Judge finished the season fifth in the Catholic League with a 15–7 record.
Billy Kelly remembers it like it was yesterday.
Kelly, a senior at Father Judge High School, remembers meeting all the guys on the freshman baseball team. It was brotherly love at first sight.
“It was great because I remember how much talent there was there,” said Kelly, a left fielder. “We could have had some guys moved up because we had some good players, but the coach at the time wanted to keep us all together because he knew we could have something really special.
“We did win a lot of games, and we played really good as a team. But we also became friends almost right away. Even the guys who didn’t know each other became friends right away. It’s the best group you could be around.”
Kelly and his teammates made a lot of memories together and they’ll probably start telling old war stories immediately.
Judge finished fifth in Catholic League play and knocked off the defending Catholic League champion Neumann-Goretti in the first round of the playoffs. But the Crusaders’ run ended in the semifinals with an 11–4 loss to first-place La Salle at FDR Park in South Philadelphia.
It marked the first time in 17 years that the Crusaders advanced that far.
Judge finishes the season 15–7.
The Explorers went on to with the Catholic League championship by blasting Archbishop Carroll 10–0 in the title game on Saturday
Losing certainly wasn’t what Kelly and company wanted, but it wasn’t a huge blow because it meant they didn’t win.
The hardest part was when they realized they would never play together again.
“When it was over, I went up and hugged every senior and there wasn’t one of us who didn’t have tears in our eyes,” said Kelly, who made third-team All-Catholic this year. “I’m really proud about what we did this year. We had a great year. I don’t think many people expected us to be here.”
For Kelly, it was a bittersweet ending to a fantastic career. But he’s going to miss a lot more than just playing baseball with this crew.

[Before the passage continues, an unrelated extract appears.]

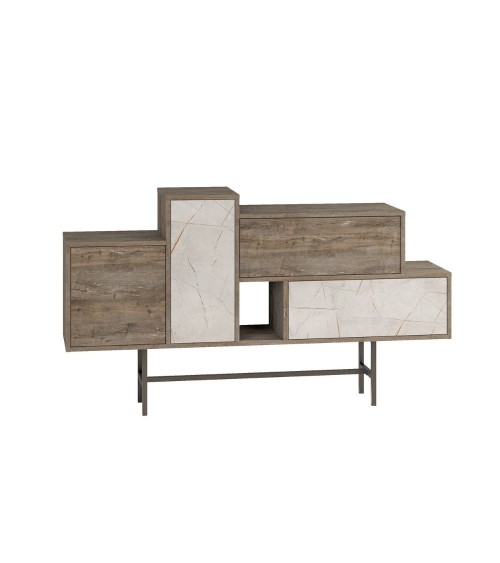 Madia Hermes colore dark coffee con ante e cassetti effetto marmo 160 cm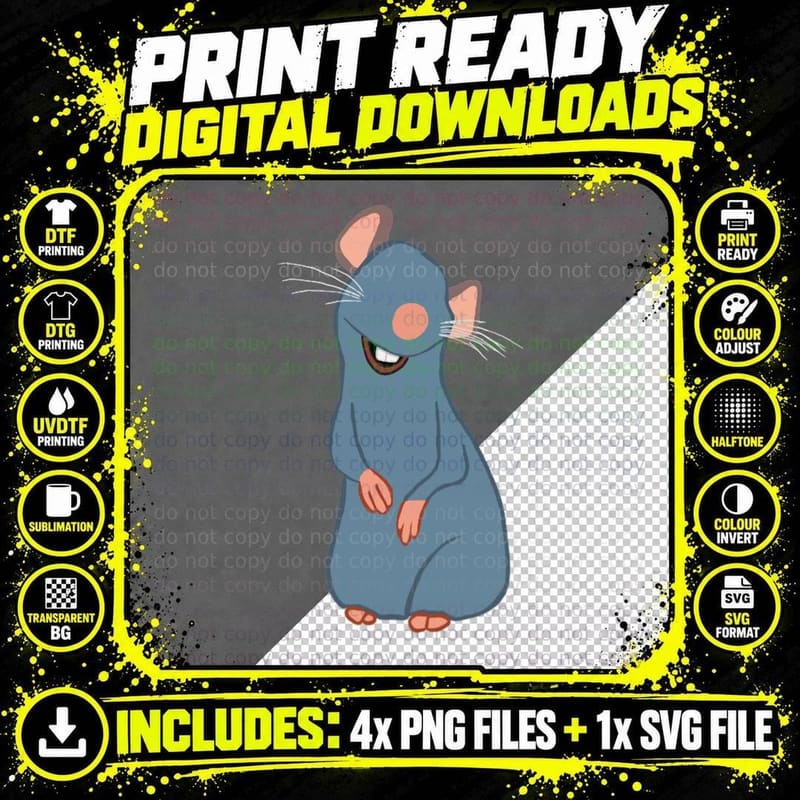 Remy - Ratatouille T-Shirt, Cartoon Character Art Png SVG Digital Bundle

“Our team is full of clowns,” Kelly said. “There are so many funny guys. Everyone is always doing something to make us all laugh. We take baseball seriously, but we all like to have fun.
“I think the best thing we did this year was win the first-round game. We were behind, but I don’t think anyone on the team thought we were going to lose. I told everyone we weren’t going to lose. That was a huge win against a good team.”
Kelly brought a good glove and was a productive hitter to the Crusaders. He hit №2 in the lineup and midway through the year, he decided to focus on doing the little things to help the big things fall into place.
That meant sacrificing his batting average for the good of the team. And as his average started to go down, the wins started to pile up.
“I told coach that I just wanted to win and I would do anything to make that happen,” Kelly said. “I was one of the captains on the team, and that meant making sure I did everything to lead by example. First guy in, last guy to leave, carry the bucket of balls, just do whatever we needed.
“There were a lot of guys who did that, but since I was a captain, I knew I had to lead by example. I had to do whatever we needed to make sure we would be successful.”
The success meant a lot to Kelly because he was playing for his friends. But it also meant a lot because there’s a good chance he’ll never play baseball again, at least not for a school.
Kelly has a busy few weeks ahead of him. After he graduates, he’s headed for a vacation to Wildwood. After that, it’s back home for a few days and then off to Happy Valley.
“I’m going to Penn State, and I thought about walking on, but I think now I’m just going to go up there and make sure I do well in school,” said Kelly, who lives in Bustleton. “I’m going up undecided (on a major) and if you do that, you usually have to go up in June to get ready for the school year and take summer classes.
“I’m not sure what I want to major in, but I’m leaning towards either law or marketing. My friends know I love to talk and those seem like careers I’d love to do.”
If he ever needs practice, he’ll know exactly who to call.
He might be done playing baseball with this group, but he knows they’ll always be his best friends.
“Father Judge preaches brotherhood, and I think this team is a perfect example of that,” Kelly said. “When we were done and we were leaving, I told them all that they are my boys for life. We had a great year. We won a lot of games and did it because we played for each other. Nobody wanted to win for themselves. We all wanted to win together.”